Dataset content below:

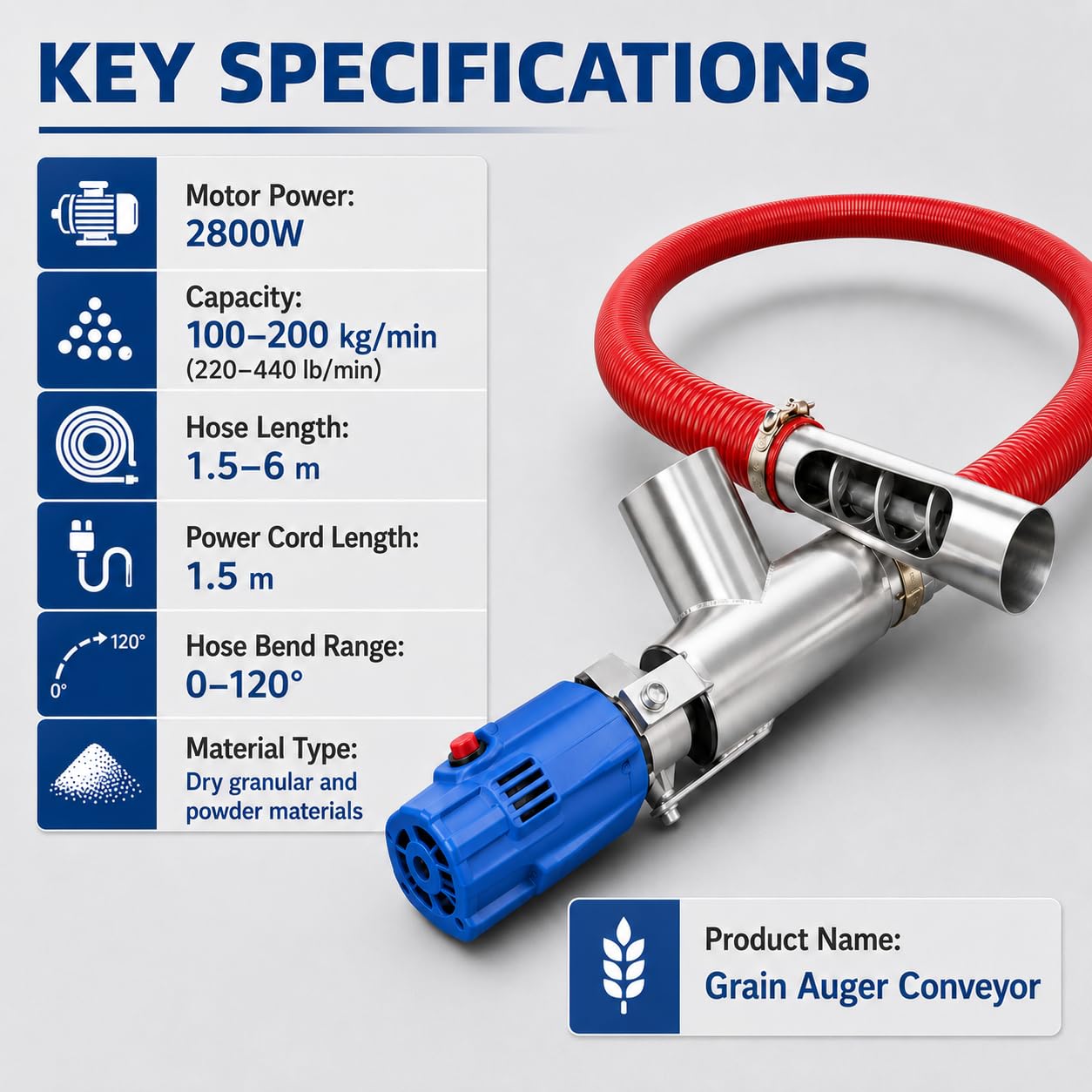 Convoyeur À Vis Flexible Portable De 2800 W Pour Laspiration Des Grains, Idéal Pour Les Trémies Et Les Silos. 2m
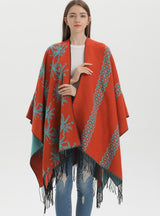 Double Tassels Increase Thick Split Cloak Shawl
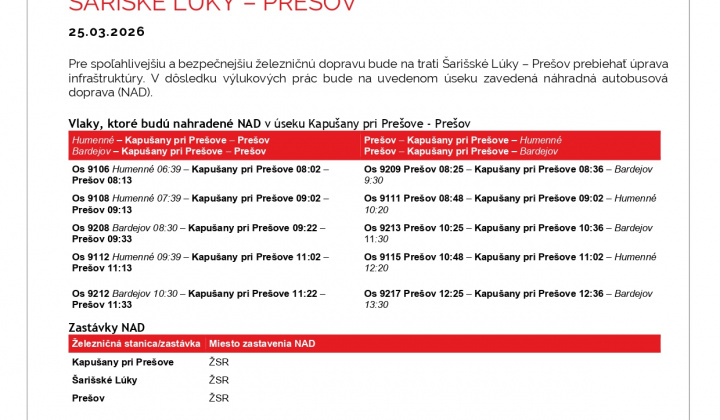 Fotka - Výluka Prešov - Kapušany pri Prešove (13. týždeň)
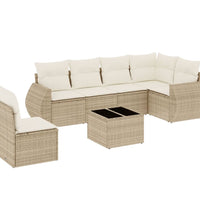 7-tlg. Garten-Sofagarnitur mit Kissen Beige Poly Rattan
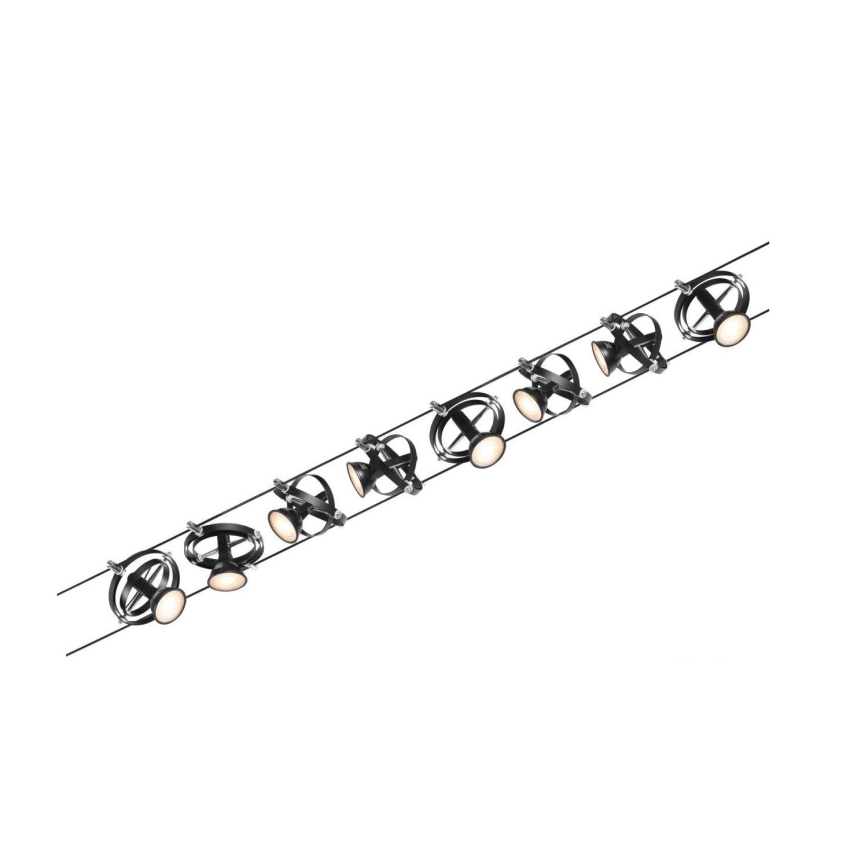 Paulmann 94494 - НАБІР 8xGU5,3/7,5W Точкове світильник для тросової системи CARDAN 230В чорний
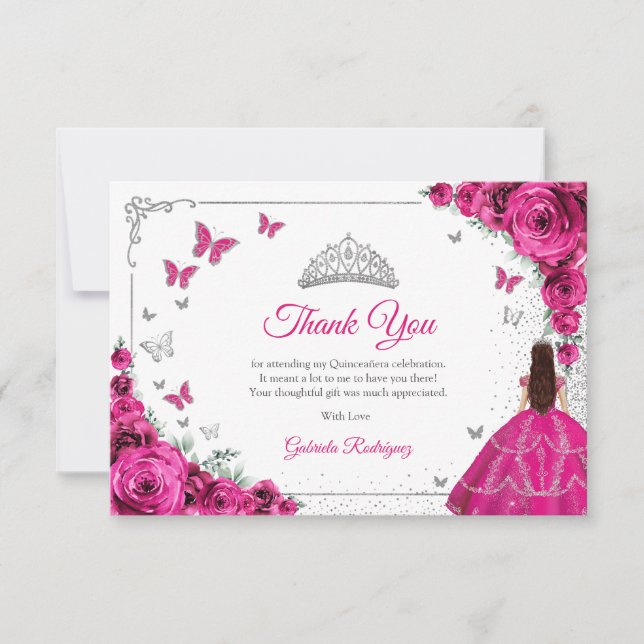 Elegant Chic Fuchsia Rosa Rosor Silver Quinceanera Tack Kort (Framsida)
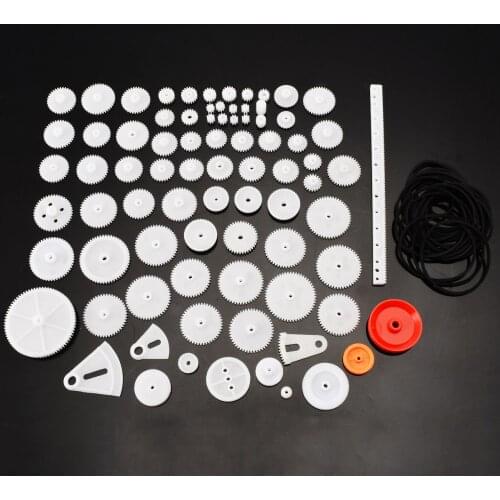 Mayitr 81pcs/set Plastic Gear Wheel Assorted Kit For Toy Car Robot Shaft Model Crafts Different Type Mini Gear Toothed Wheels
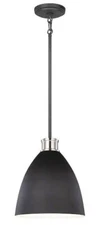 GL - Varus 10.5 in. W 1-Light Matte Black Metal Modern Industrial Pendant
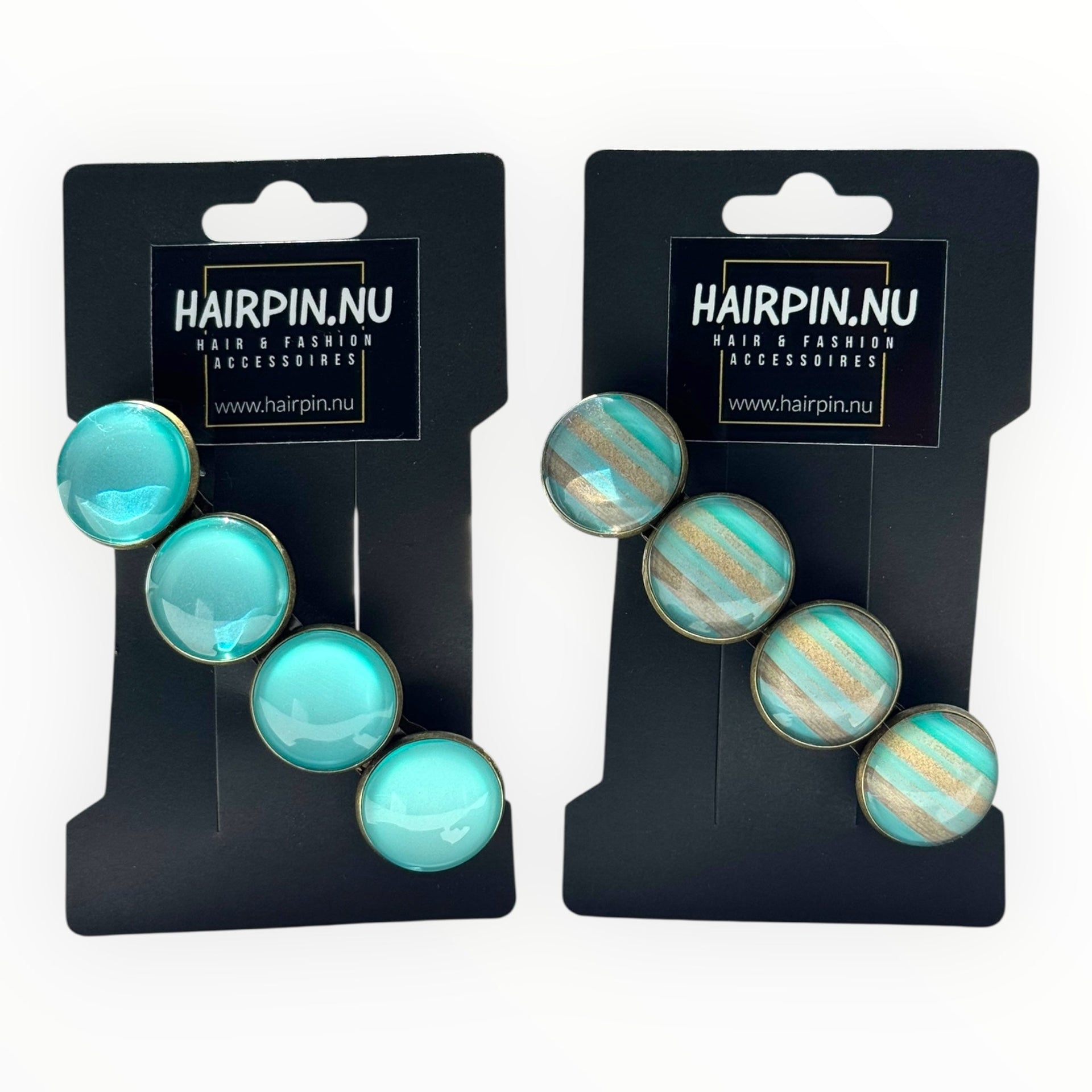 Voordeelset color hairclips set 2 stuks ibizastyle zeeblauw xl - haarspelden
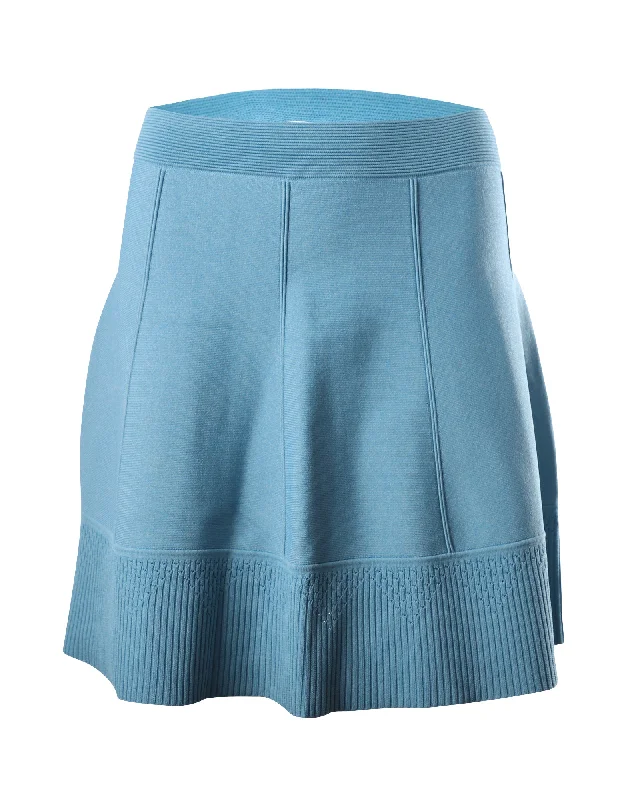 Women's Evening Wear Outfit Sandro Paris Knitted Skirt in Blue Jersey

End of Dataset content.

## Task objective
Exactly the lines from the one that contains "Voordeelset color hairclips" through the final line of the records above are needed, given again word for word, with every picture left out.

## Task output
 Voordeelset color hairclips set 2 stuks ibizastyle zeeblauw xl - haarspelden
 Women's Evening Wear Outfit Sandro Paris Knitted Skirt in Blue Jersey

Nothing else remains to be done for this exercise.